WRAP Program Provides Comprehensive Care for Patients with Psychosis in Underserved Populations
WRAP Team

According to the National Institutes of Mental Health (NIMH), three out of every 100 people will experience psychosis in their lives. Despite the number of occurrences, there is an unmet need to treat patients with psychosis, particularly patients on Medicare or Medicaid, or who are otherwise traditionally underserved. The Wellness and Recovery After Psychosis program – referred to as the WRAP program – at Boston Medical Center is working to meet those unmet needs with comprehensive care for patients with psychotic disorders.

NIMH defines psychosis is used to describe conditions that affect the mind, where there has been some loss of contact with reality.  This, according to Hannah Brown, MD, Director of the WRAP program, is a really broad term.

“It can encompass anything from new, confusing, and disturbing thoughts and behaviors to hallucinations to delusional beliefs, often occurring in the context of a primary psychotic disorder. Many of our patients also have comorbid substance use, which can make it harder to distinguish a primary psychotic disorder.”

While services for psychosis have been available at BMC for many years, the official program began approximately a year and a half ago, when David Henderson, MD, a leading expert in psychotic disorders and chief of Psychiatry at the hospital, developed new services such as medication-specific clinics, with the goal of creating a structured program to care for patients with psychotic disorders. Henderson then recruited Brown, an expert in psychosis, from Massachusetts General Hospital to lead and further develop the WRAP program.  As a result, WRAP has grown and now includes three subspecialty clinics– the Injection Clinic (for delivering long-acting antipsychotic medications), the Clozapine Clinic, and a First Episode Psychosis Program.
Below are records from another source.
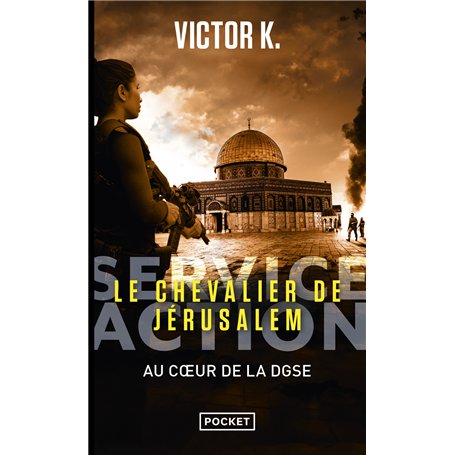 Service Action - Le Chevalier de Jérusalem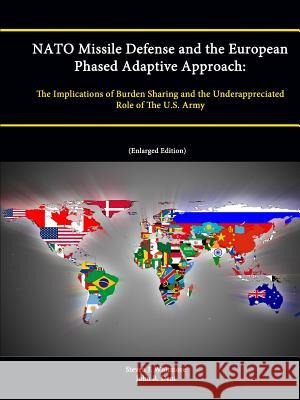 NATO Missile Defense and the European Phased Adaptive Approach: The Implications of Burden Sharing and the Underappreciated Role of The U.S. Army (Enl Deni, John R. 9781304868930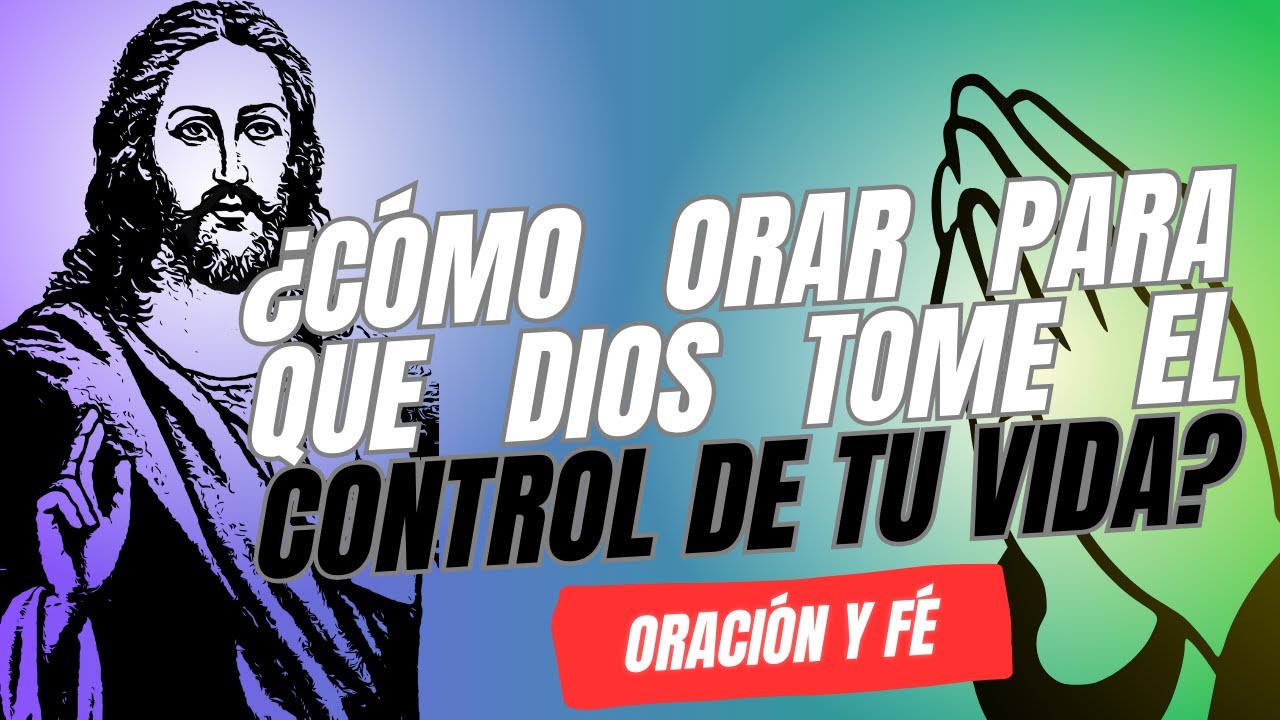 ¿Cómo ORAR para que DIOS tome el CONTROL de tu vida? | Descúbrelo AHORA ...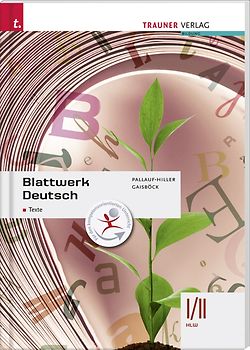 Für HLW-Schulversuchsschulen: Blattwerk Deutsch - Texte, I/II HLW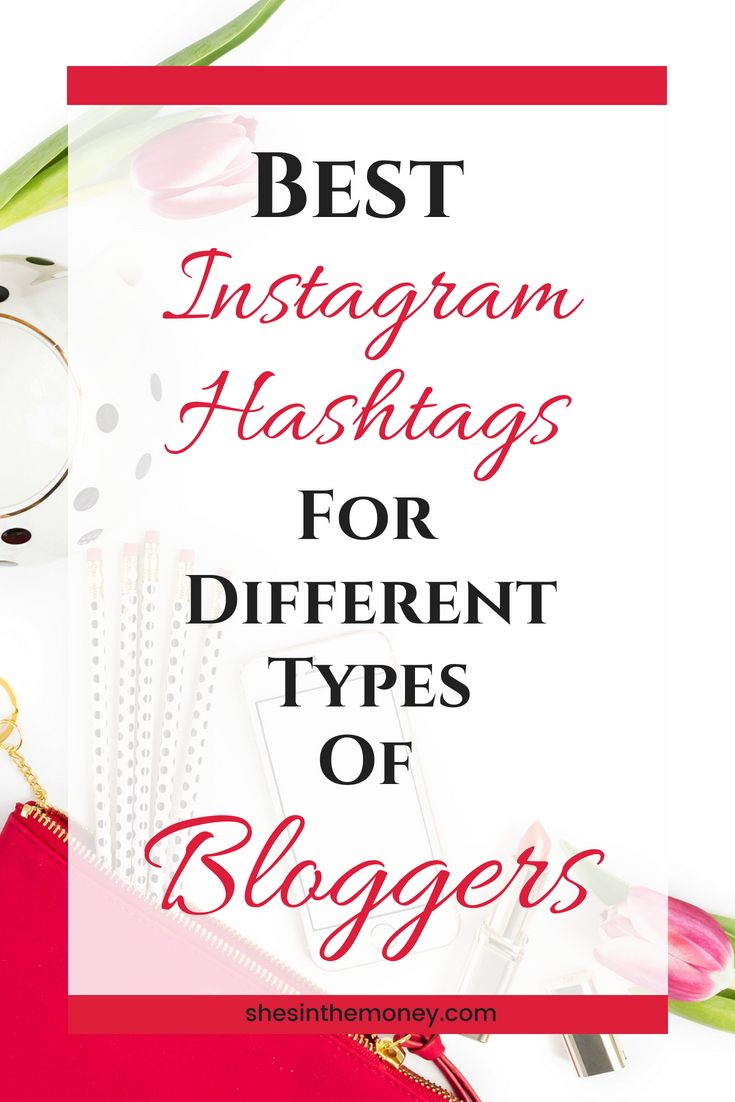 Best Instagram Hashtags For Different Types Of Bloggers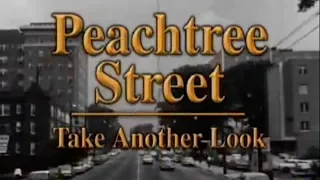 Peachtree Street - Take Another Look | GPB Documentaries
The Injection Clinic and Clozapine Clinic are both medication-focused clinics where patients can come to receive these specific treatments.  In the First Episode Psychosis Program, WRAP clinicians care for patients in their first three to five years after psychotic symptoms start or after being diagnosed with a psychotic disorder. Most of these patients are 14-30 years old.

“There’s a growing body of evidence that coordinated specialty care is important for long-term outcomes, such as getting back to school or work,” says Brown. “Early identification and intervention is key to these outcomes, as well as retention in treatment, as early psychosis is a time people are particularly vulnerable.”

To this end, WRAP provides a team-based approach to first episode care where the team thinks of the patients as the hub with the providers as the spokes. Specific services include individual therapy focused on resiliency training, peer support, medication management, group therapy, and family therapy. 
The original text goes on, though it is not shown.